# PROMPT:
Let the output be exactly the lines from the one containing "Vegan Lemon Poppy Seed Cookies" through the end of the records below, both included.
**** EXERCISE MATERIALS ****
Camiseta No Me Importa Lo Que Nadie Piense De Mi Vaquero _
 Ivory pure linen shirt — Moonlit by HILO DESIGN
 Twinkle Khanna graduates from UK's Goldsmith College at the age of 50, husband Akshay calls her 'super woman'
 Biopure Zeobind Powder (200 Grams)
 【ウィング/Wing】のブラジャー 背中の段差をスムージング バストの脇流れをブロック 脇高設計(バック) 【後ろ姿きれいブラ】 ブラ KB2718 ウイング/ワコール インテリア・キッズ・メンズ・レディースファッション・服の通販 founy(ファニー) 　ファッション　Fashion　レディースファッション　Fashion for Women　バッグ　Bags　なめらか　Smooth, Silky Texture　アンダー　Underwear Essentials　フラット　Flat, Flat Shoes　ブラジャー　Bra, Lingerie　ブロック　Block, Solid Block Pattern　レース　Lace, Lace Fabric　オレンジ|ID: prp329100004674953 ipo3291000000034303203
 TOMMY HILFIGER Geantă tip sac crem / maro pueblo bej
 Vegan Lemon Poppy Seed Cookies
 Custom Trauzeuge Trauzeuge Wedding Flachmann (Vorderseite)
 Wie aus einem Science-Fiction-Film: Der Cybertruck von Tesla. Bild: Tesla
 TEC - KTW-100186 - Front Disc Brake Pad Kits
****
# RESPONSE FOR THIS EXERCISE:
 Vegan Lemon Poppy Seed Cookies
 Custom Trauzeuge Trauzeuge Wedding Flachmann (Vorderseite)
 Wie aus einem Science-Fiction-Film: Der Cybertruck von Tesla. Bild: Tesla
 TEC - KTW-100186 - Front Disc Brake Pad Kits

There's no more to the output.